Suatu ketika yang lain saya menuliskan tentang kemarahan, kegundahan, ketidaksabaran, kegaduhan ruang berpikir, ruang bathin, ruang sosial. Kadang saya melewati batas norma, kelaziman, kebiasaan. Sebagaimana halnya ketika saya marah dan tak dapat mengendalikan emosi, seperti itulah yang saya tulis. Namun yang pasti bahwa saya menyampaikannya dengan kata-kata yang elok untuk dibaca, sedap juga untuk dinikmati (maaf, ini subjektif)

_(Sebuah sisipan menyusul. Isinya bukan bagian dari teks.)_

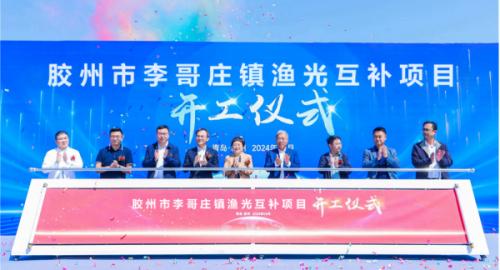 新加坡能源攜手青達(dá)環(huán)保投建山東首個規(guī)?；G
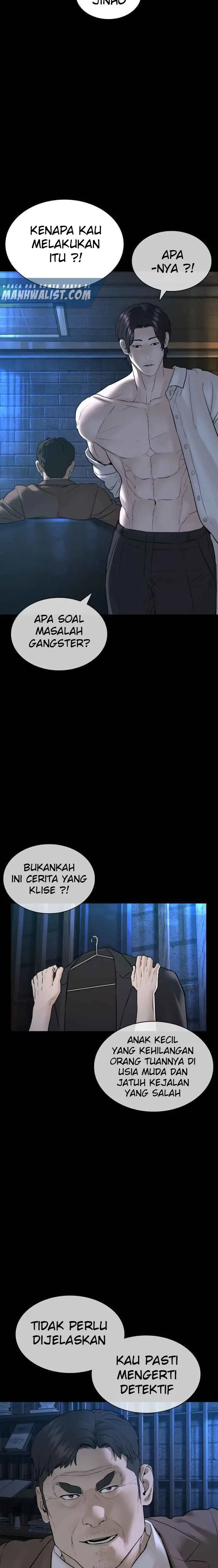 image-komik-how-to-fight-chapter-134-25/28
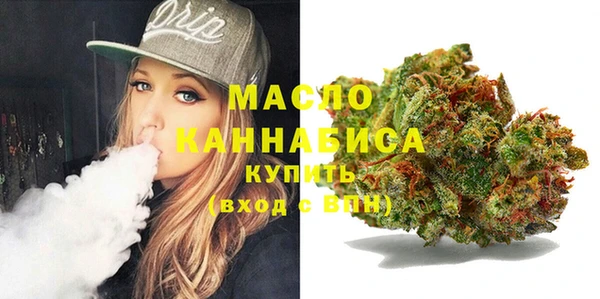 круглые Ростов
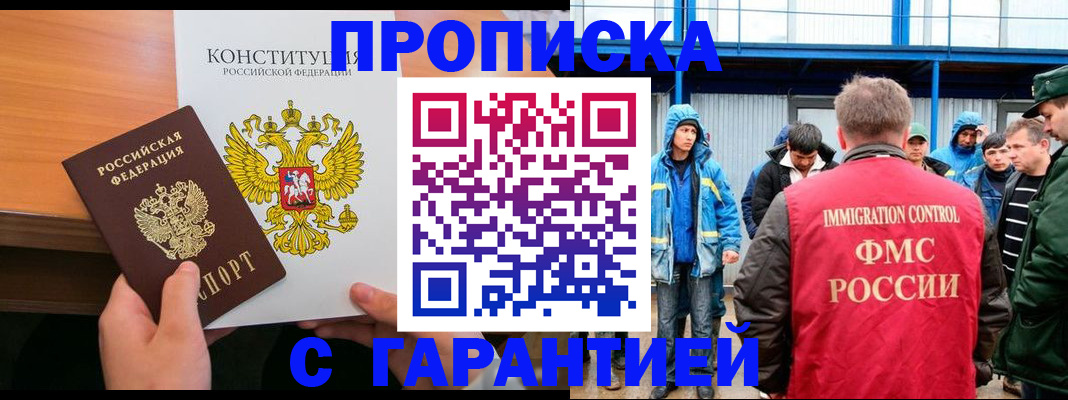 прописка для военкомата в Эртили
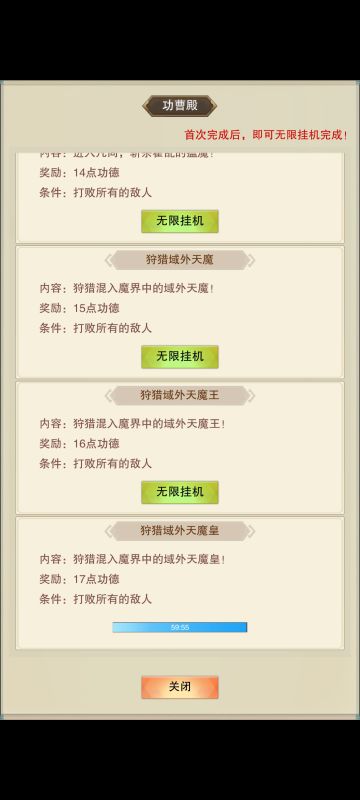 17功德以及匡御（1100）刻字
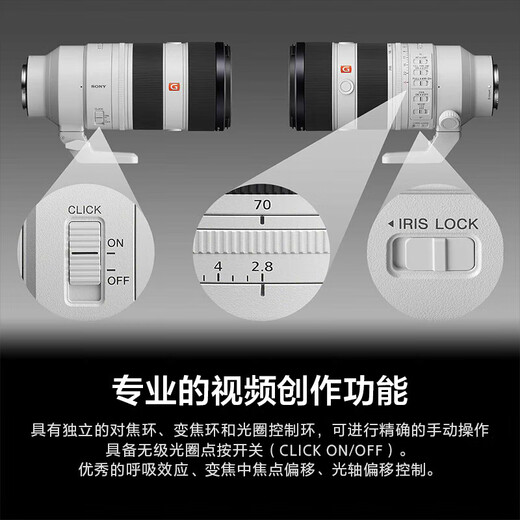 Sony (SONY) FE 70-200mm F2.8 GM OSS II full-frame large three-element telephoto zoom G Master lens second generation (SEL70200GM2) basic protective kit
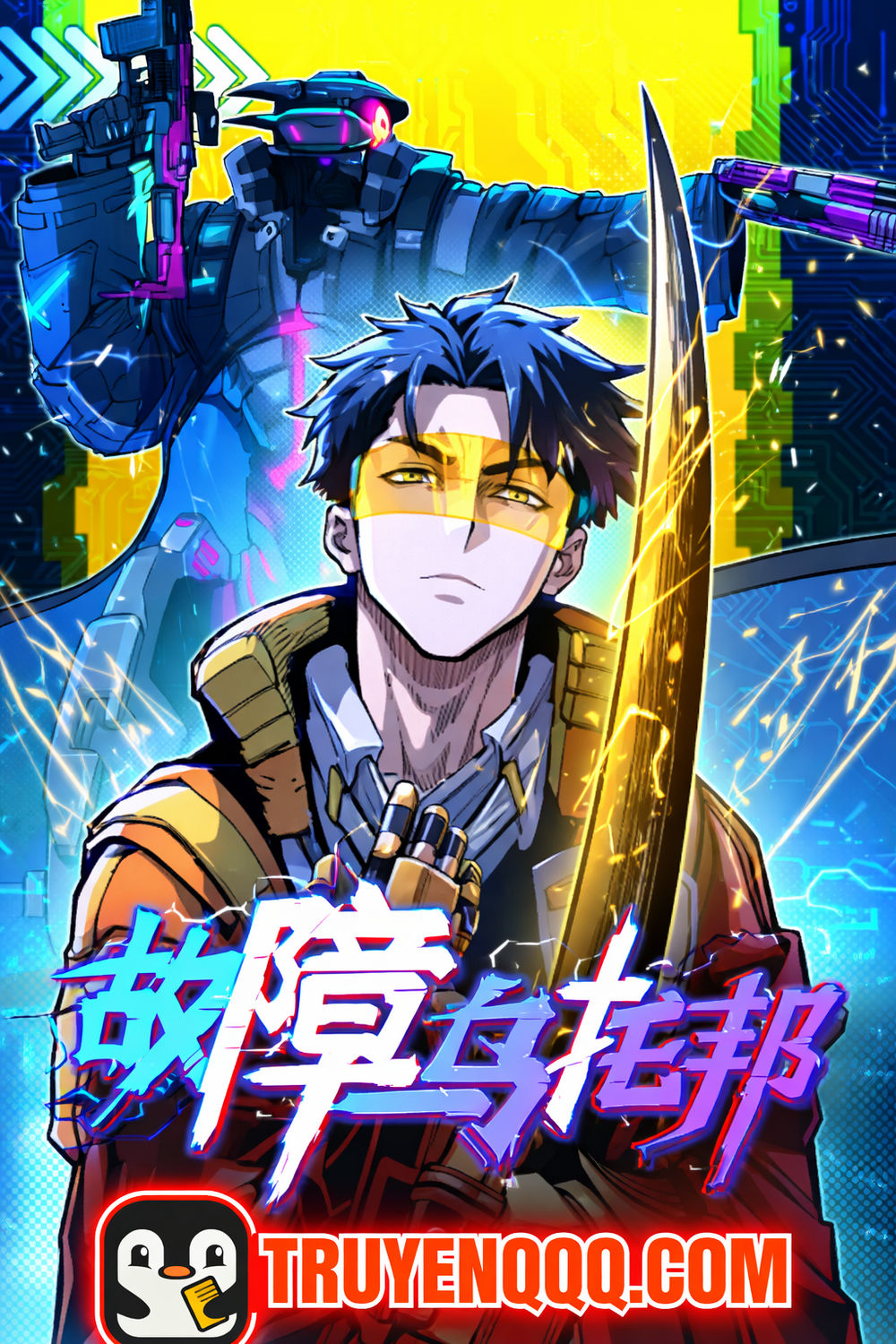 Truyện tranh Sự Cố Utopia - TruyenQQ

Kadang saya menuliskan dengan merintih-rintih, memelas, melankolik. Seperti Gibran menuliskan kata-katanya, kadang saya, pada saat-saat tertentu sampai mengintip ke arah itu, walaupun sebenarnya masih sangat jauh (namanya juga mengintip).

Kadang, saya melukiskan sesuatu dengan simbol-simbol, dengan analogi-analogi, dengan perbandingan-perbandingan, dengan majas-majas. Saya mencoba untuk menekankan pada keelokan gaya bahasa. Lantaran itu saya benar-benar sangat selektif dalam memilih diksi atau pilihan kata. Saya tidak mau terjebak pada kelaziman dan mencoba keluar sedikit dari kelaziman itu, sekedar mau menunjukkan dua hal 1) bahwa menulis dengan cara berbeda walau mau mengatakan hal yang sama, 2) memang seperti itulah saya, saya ingin mencoba-coba, mencari sensasi. Dan saya menemukan itu hanya dan dalam media kata dan bahasa tulisan.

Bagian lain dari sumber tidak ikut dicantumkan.